A key area that can assist in augmenting more tedious tasks in a clinical setting is artificial intelligence (AI). Although AI has not been universally adopted, its potential to aggregate data and insights from patients to inform future care delivery proves the value it will bring. AI is not visible to nurses at the bedside, but the decision-support it enables and how it can impact care plans and delivery moving forward will help alleviate the technology fatigue that stems from decision-making with outdated systems. It serves as a surveillance system inside medical records with the ability to highlight potential incidences well before a human recognizes it. The more data there is available, the more an organization can utilize AI to draw insights and implement processes to make nurses’ jobs easier.
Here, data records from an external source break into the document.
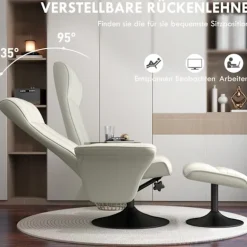 Rootz hvilestol & afføring sæt - tv -lænestol - drejestol - ergonomisk komfort - hvid - 69L x 71W x 104H cm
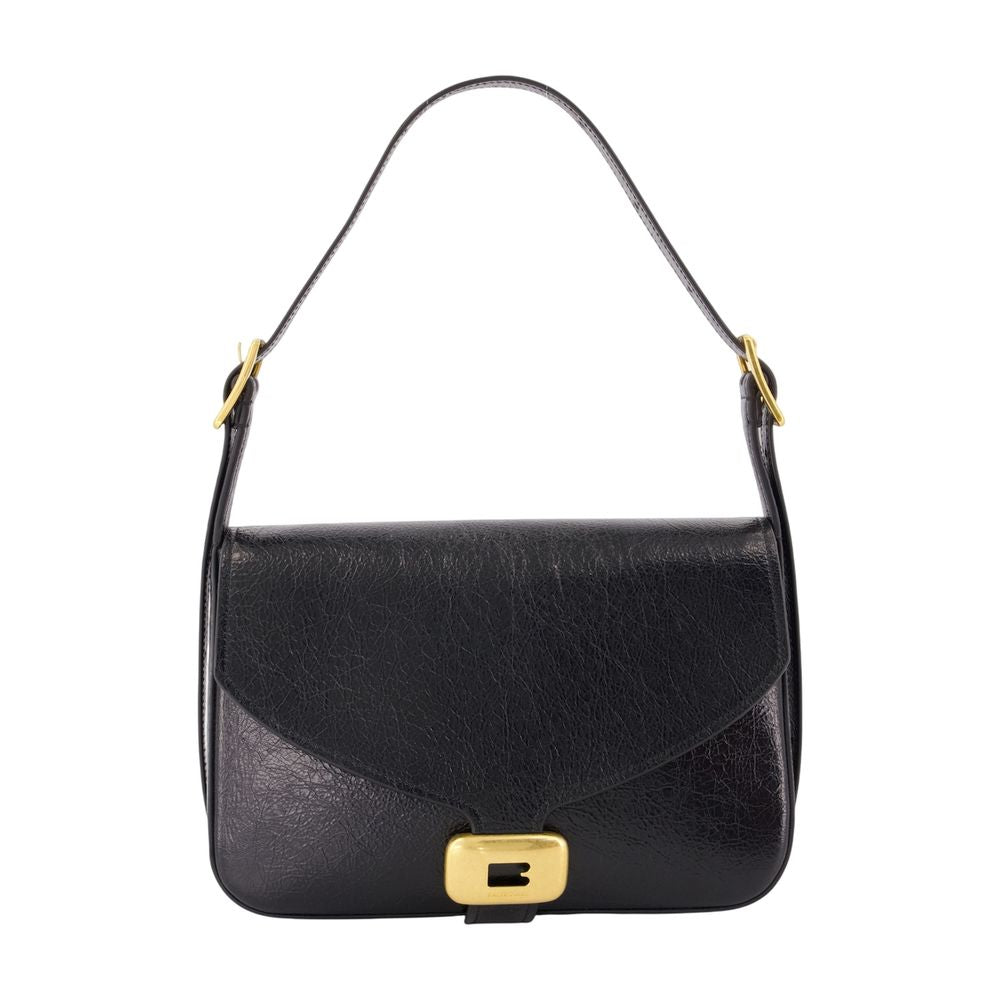 Balenciaga Clicca M Shoulder Bag — Black Lambskin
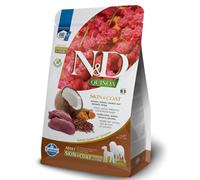 Farmina, N&D Quinoa Skin & Coat, venado, coco y cúrcuma, perro mediano/maxi, 2,5 kg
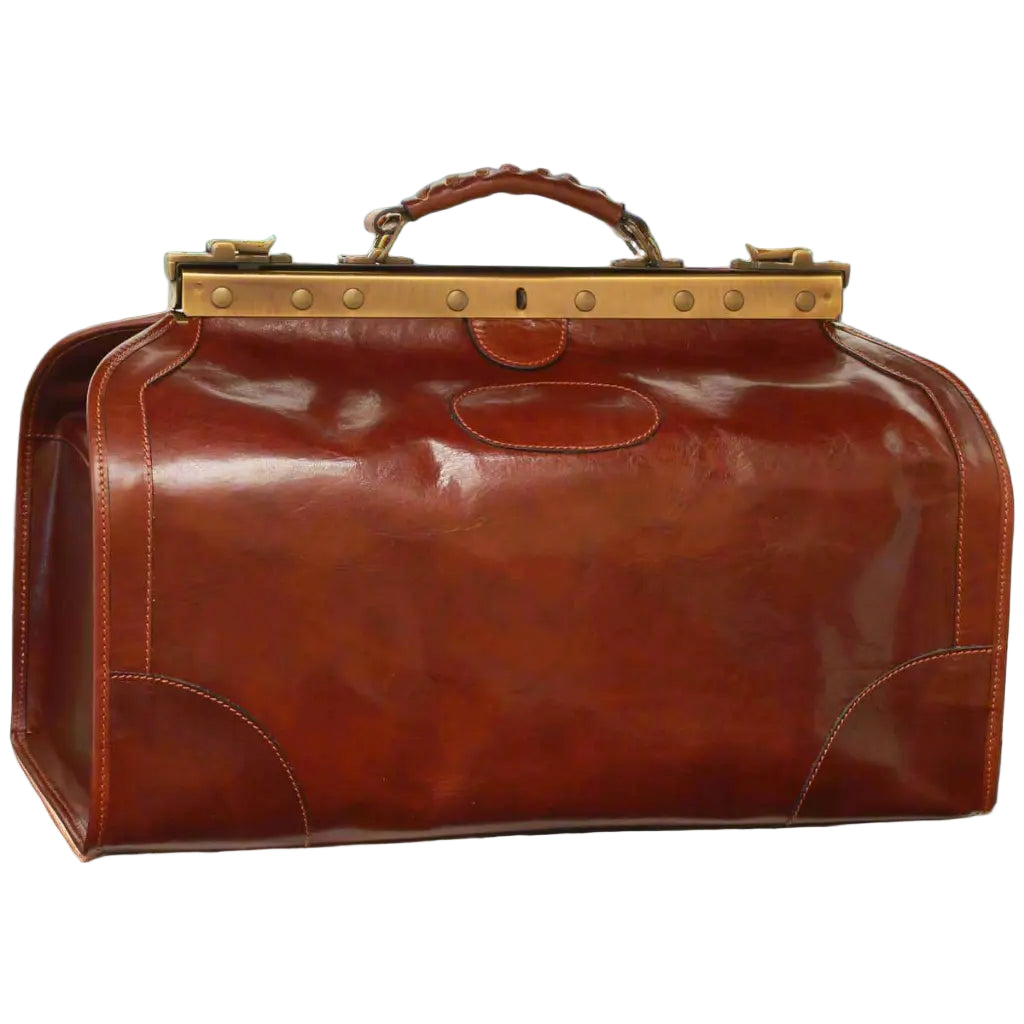 Old Angler Medium Leather "Old America" Bag | Travel & Weekend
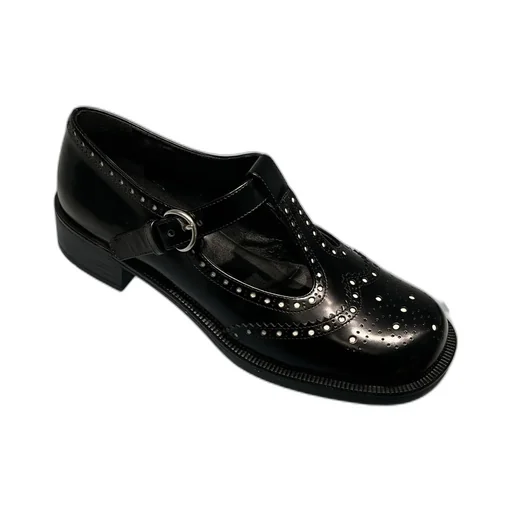 Round-Toe T-Strap Brogue Shoes
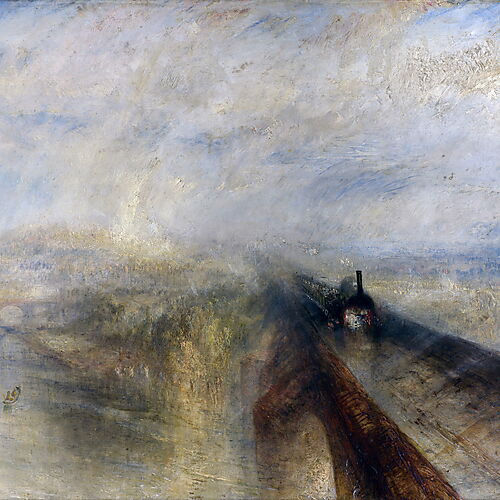 Dampflokomotive auf einer Eisenbahnbrücke, umgeben von Regen und Dunst, in einem Gemälde von William Turner.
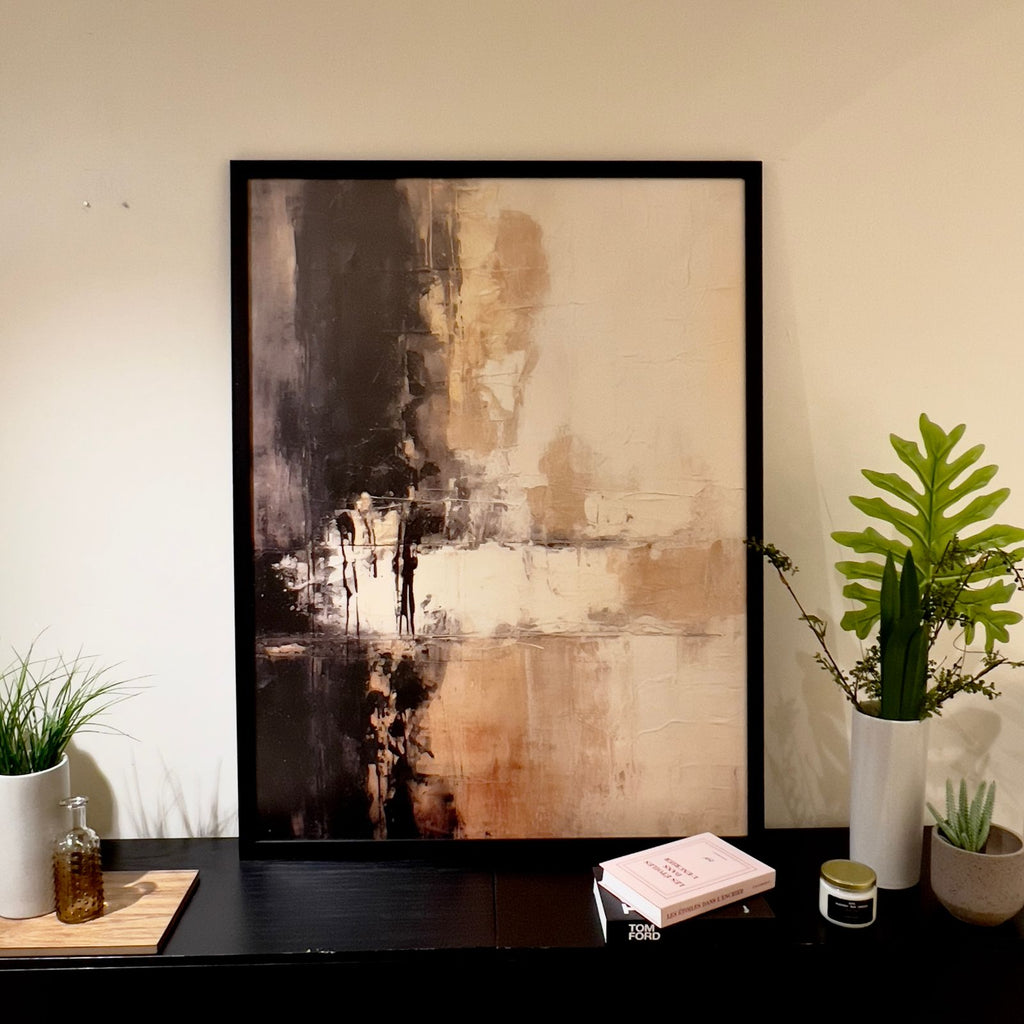 Abstracto Beige con Negro cuadro decorativo moderno para hogar | Studio MagArt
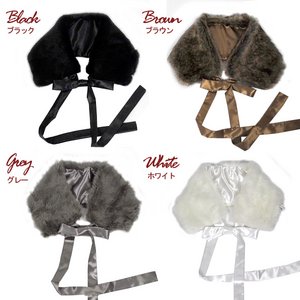 4color♪フェイクファーつけ襟風ティペット【ストール/ティペット/スヌード/ネックウォーマー】36010 ブラック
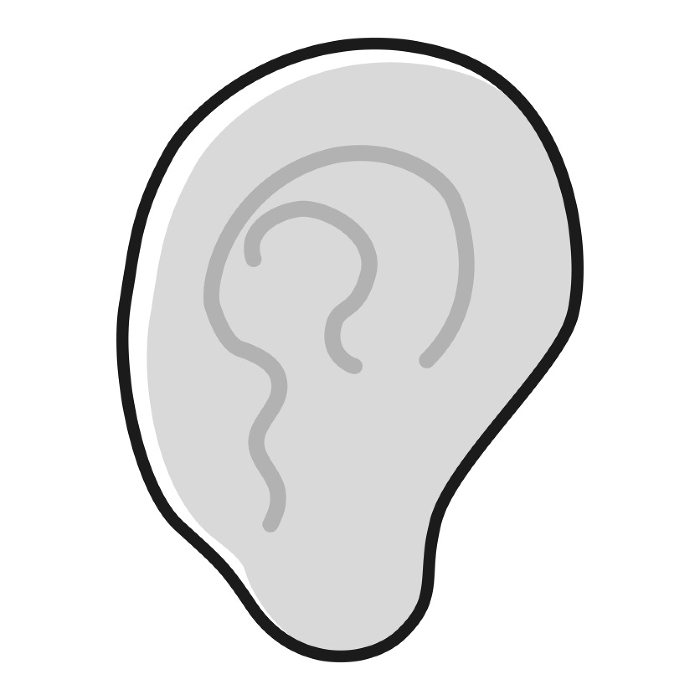 clip art of simple ear(monochrome)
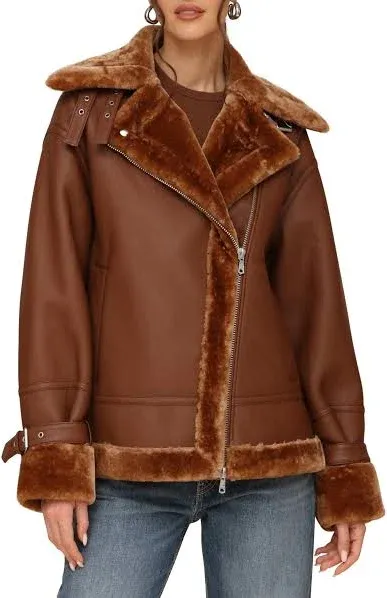 Avec Les Filles Women's Oversized Faux Shearling Moto Coat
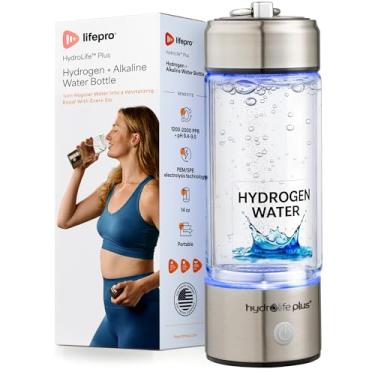 Imagem de LifePro Gerador de garrafa de água HydroLife Plus alcalina + hidrogênio – Tecnologia SPE/PEM com filtro ionizador de água – Garrafa de vidro recarregável portátil para bem-estar diário – Capacidade de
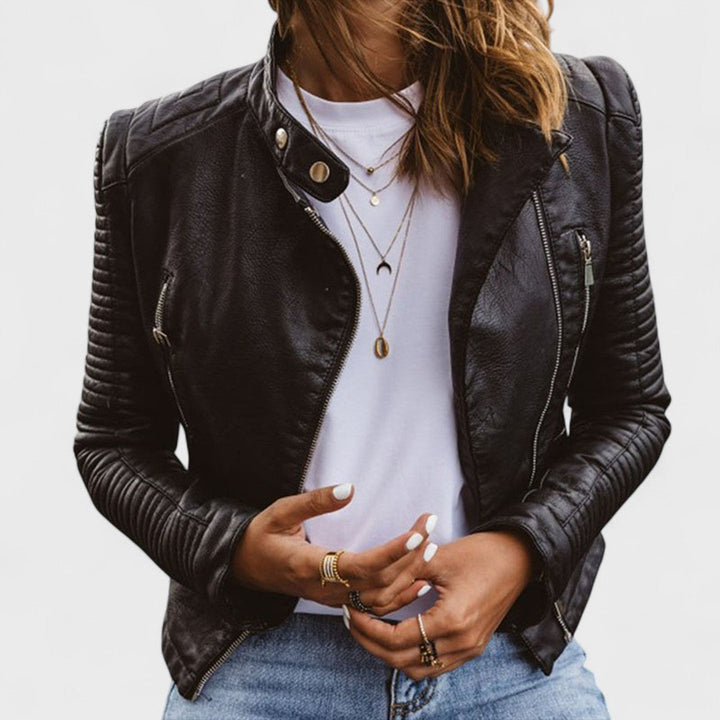 Elegant Black Leather Jacket for Women with Snap Collar Long Sleeve Quilted Cropped Casual Style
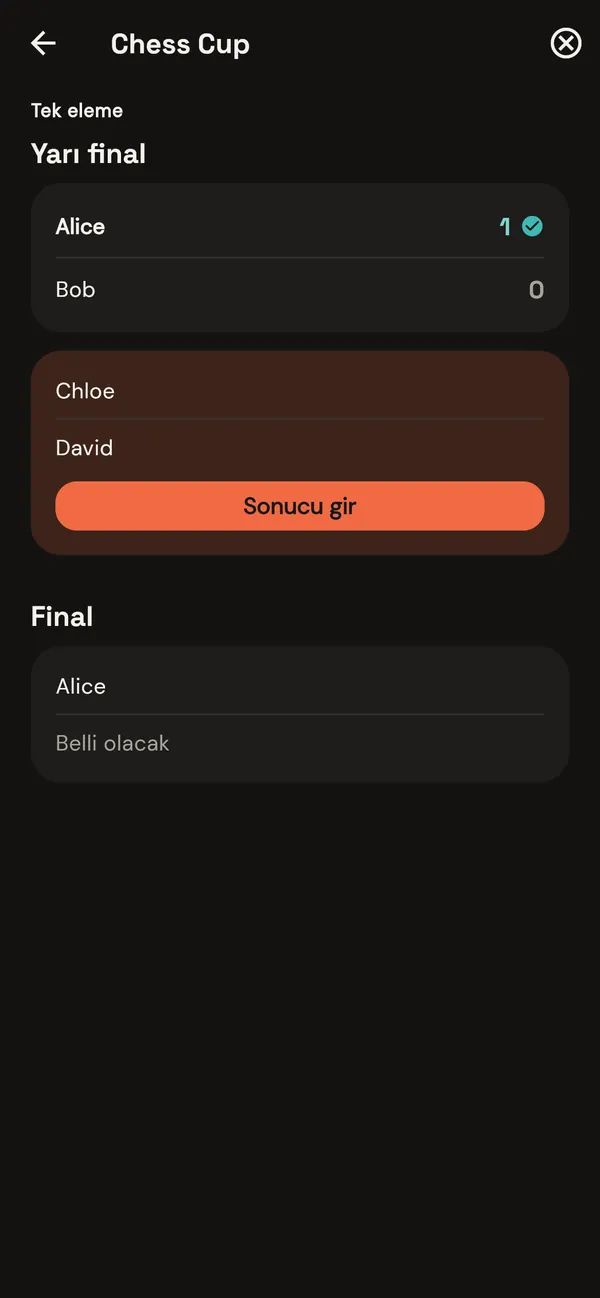 Devam eden bir eleme turnuvası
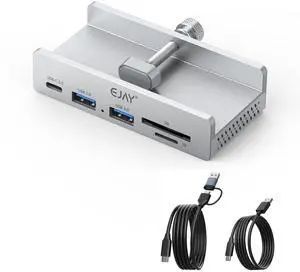 EJAY 5-Port USB 3.0 Hub with Card Reader & Clamp Aluminum Desktop Docking Station with 5Gbps Speed for PC Mac Laptop, 59inches Data and 39inches Power Cable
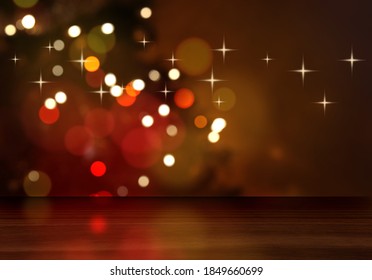 3D render of a wooden table looking out to a defocussed Christmas tree
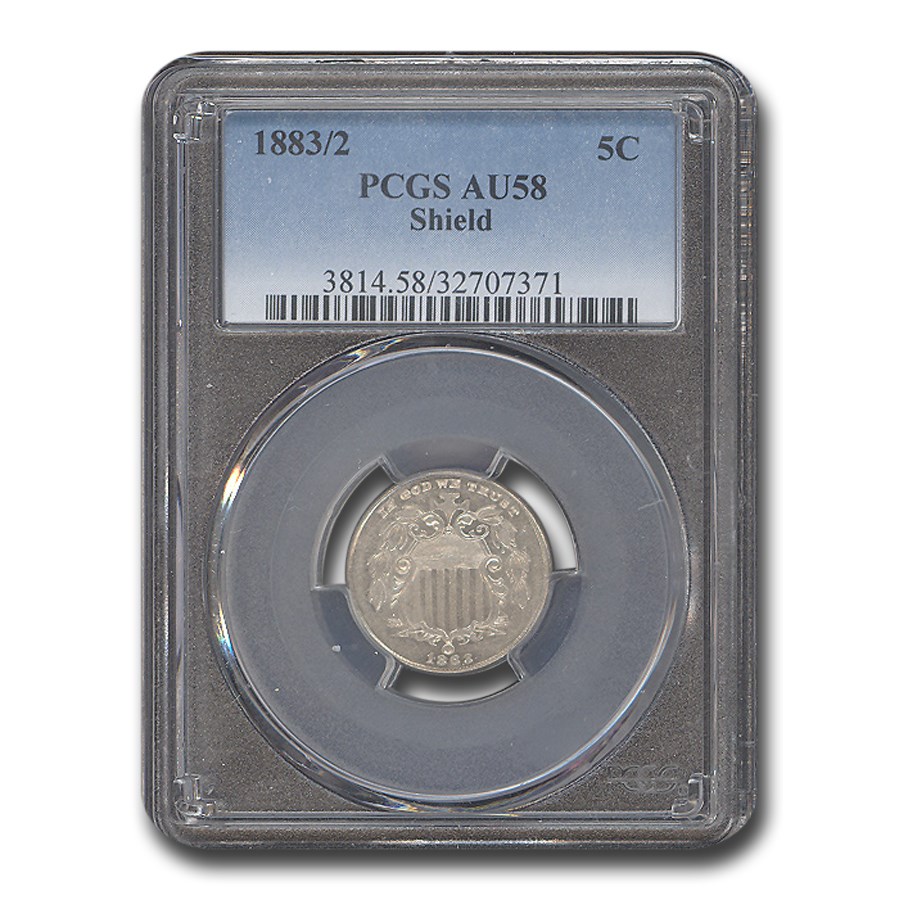 1883/2 Shield Nickel AU-58 PCGS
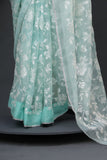 Light blue organza saree - cocktail Edit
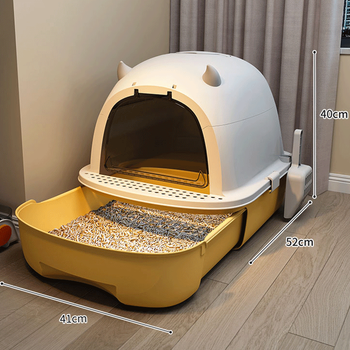 X多喵猫砂盆全封闭特大号除臭防臭防外溅猫厕所猫屎盆子超大号猫砂盆 黄色【全封闭隔臭】带猫砂铲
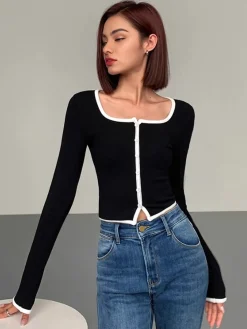 Online Square Neck Contrast Trim Long Sleeve Knit Shirt T-shirts|Knitwear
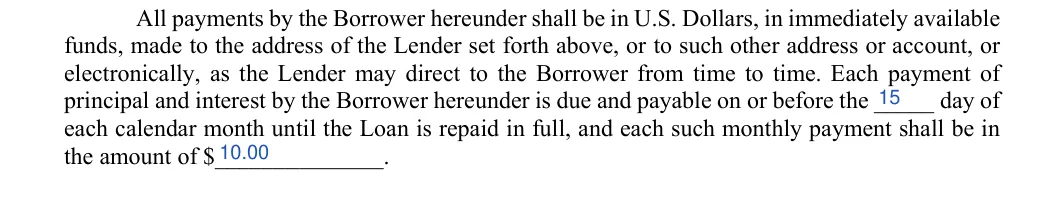 Vehicle Promissory Note: Day, Amount, filled with sample entries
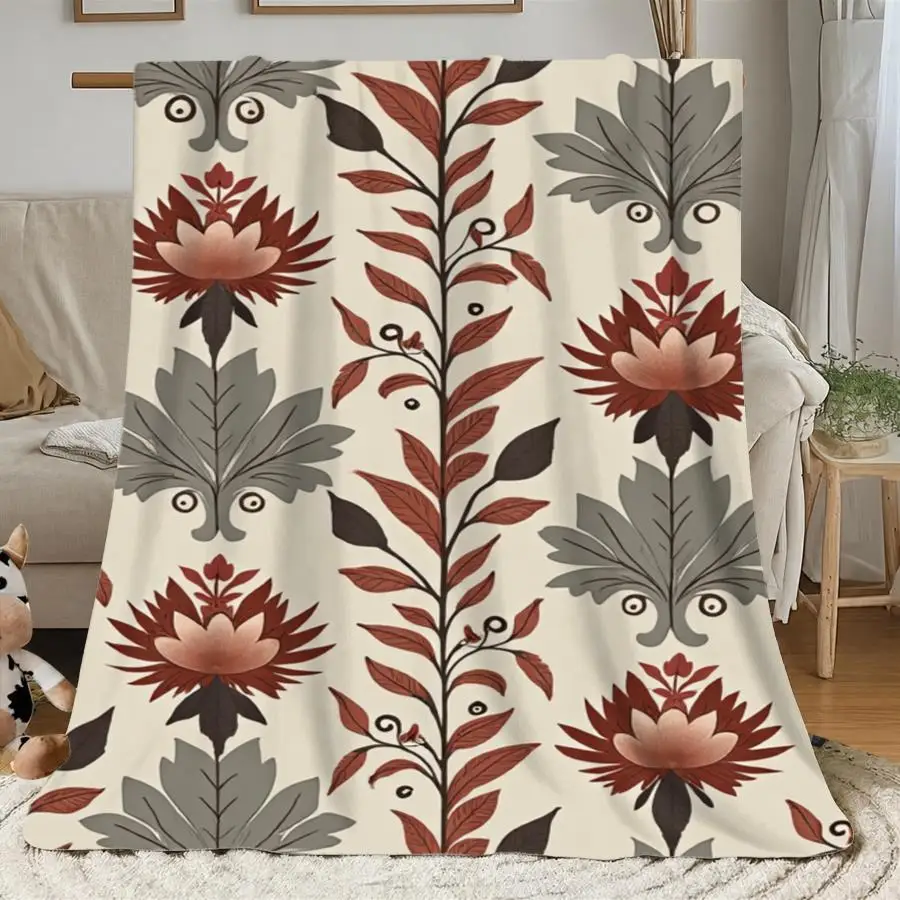 1pc Premium Warm Flannel Blanket Suitable for All Seasons - Terracotta & Beige Soft Bedspread with Vintage Vine Pattern, Cozy Throw for Couch, Bed, | Contemporary Bedding Decor, Holiday Gift Choice for &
No one shows up to work intending to cause harm, but the flawed systems they work with are what lead to poor outcomes. Many operational tools used within hospitals and health systems exist in isolation, and that burden falls on providers to toggle between them as they treat patients. By involving nurses in technology integration and adoption conversations, leadership can gain more perspective on what will be most beneficial to both operational efficiency and patient outcomes. Investing in an interoperable technology platform to help nurses deliver care will enable safer and quality care for patients and standardized practices for caregivers. Utilizing interoperable solutions makes accessing data much easier. Although nurses do not directly interact with these backend processes, the clinical decision support they receive is significantly enhanced by having readily available data stemming from multiple departments or even organizations that a patient’s data has crossed.
Looking ahead
Nurses serve as a pillar of the health care ecosystem, and integrating streamlined technology is pivotal in reducing administrative burden and increasing the amount of time we spend with patients. By embracing connected solutions and prioritizing human-centric design, health care organizations can empower nurses to work smarter, not harder, enhancing patient outcomes and promoting well-being.
Ann-Louise Puopolo is a nurse executive.